Summary:
Situation Overview: FDIC is focused on de novo bank formation, digital assets and blockchain activities, resolution planning, and asset thresholds for “tailoring” categories.
What: The FDIC is reevaluating guidance in these areas.
Who: FinTechs and Large Banks subject to FDIC supervision.
In Depth
In April 2025, Federal Deposit Insurance Corporation (FDIC) Acting Chairman Travis Hill announced that the FDIC is focused on four key policy areas: de novo bank formation, digital assets and blockchain activities, resolution planning, and “tailoring” asset thresholds.
This announcement signals that the FDIC is considering substantive changes in each of these areas.
This summary outlines the potential changes and their implications for FinTech firms and bank management.
De Novo Bank Formation
Due to a significant decline in the number of bank charters—from 8,500 in 2008 to 4,500 today—the FDIC is exploring ways to promote new bank formation.
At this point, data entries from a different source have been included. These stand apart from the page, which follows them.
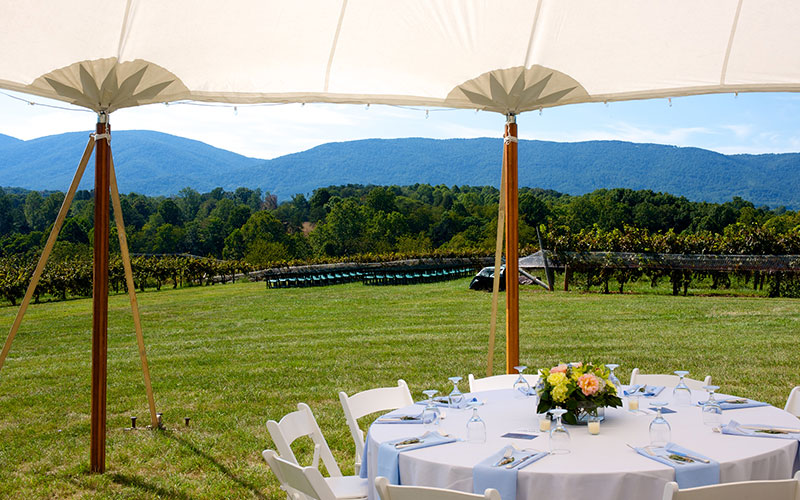 wedding at Cardinal Point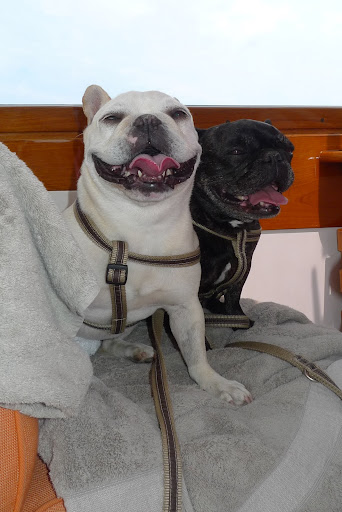So, what do you say we enjoy the boat trip we're on and we can play explorers later!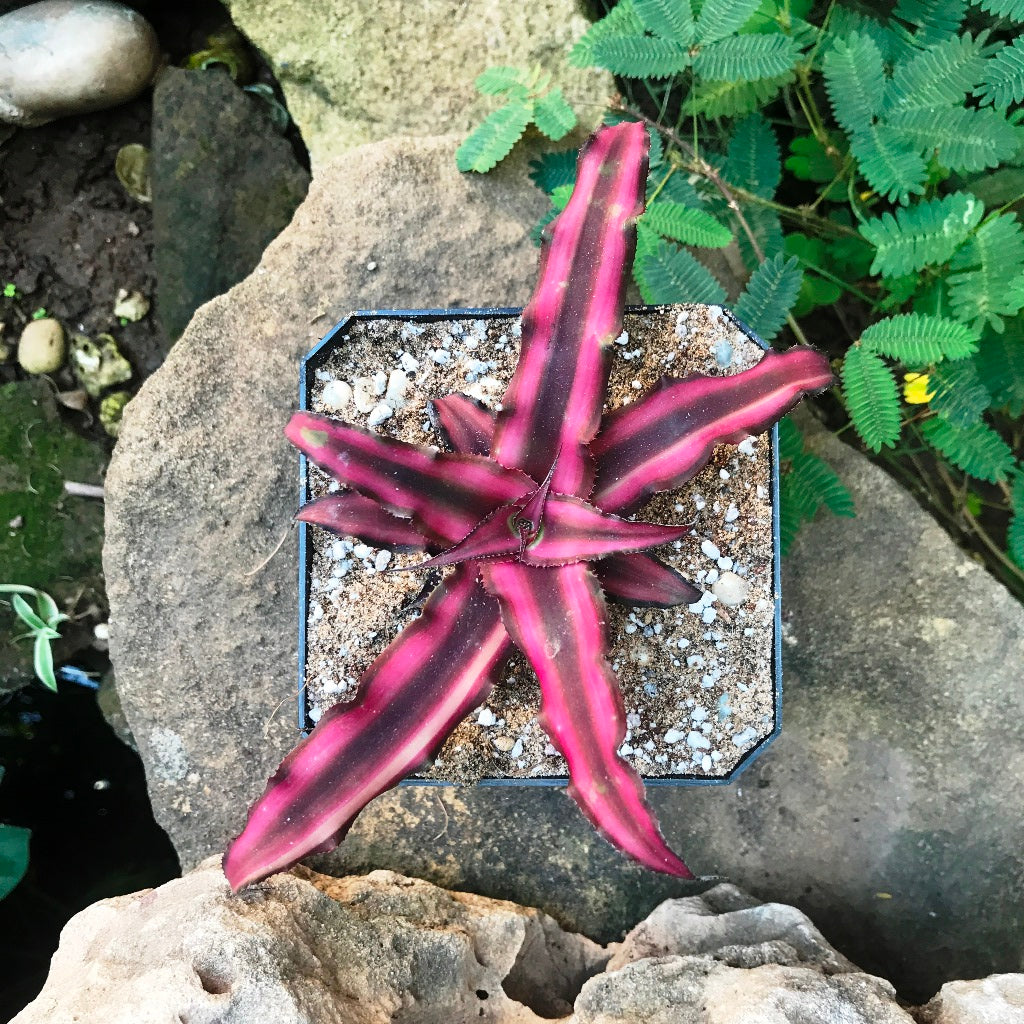 Cryptanthus Bivittatus Red Star Plant - myBageecha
This includes reevaluating how deposit insurance applications are processed for proposed banks with new or innovative business models. Chairman Hill noted, “A fintech with a large number of deposit accounts may present less risk to the Deposit Insurance Fund if it becomes a regulated bank, rather than placing deposits at multiple banks through complex partnership arrangements.”
What FinTechs Should Do
Continue to build robust compliance management and AML/BSA systems, providing a firm with the foundation to become an FDIC-regulated entity if warranted by business conditions and the regulatory environment.
Digital Assets and Blockchain
The FDIC recently issued a Financial Institution Letter (FIL), clarifying that institutions it supervises may engage in permissible crypto-related activities without prior agency approval. Chairman Hill noted “…permissible crypto-related activities will … be treated … like other permissible activities, and…we expect institutions to consider and manage associated risks, and engage with their supervisory teams as appropriate.” He also indicated that the FDIC is developing additional guidance on particular crypto-related activities.
What Banks Should Do
Banks exploring crypto- and blockchain-related activities can use this time to educate senior management and their Board of Directors on relevant risks; design and build risk management capabilities for these innovative areas; and prepare internal product approval processes for a thorough review of any proposed activities. Early and frequent engagement with supervisors on these initiatives is recommended.
Resolution Planning
Chairman Hill reiterated that the revised 2024 Insured Depository Institution (IDI) resolution plan rule places too much emphasis on bridge bank entry and exit. Instead, Chairman Hill is focused on “maximizing the likelihood of the optimal resolution option, which experience has demonstrated to generally be a weekend sale.” He indicated that the FDIC will soon issue updated FAQs related to upcoming IDI resolution plan submissions. The FDIC will look for resolution plans that enable firms to provide the FDIC with information needed to rapidly market the institution and run the institution for a short period of time if needed.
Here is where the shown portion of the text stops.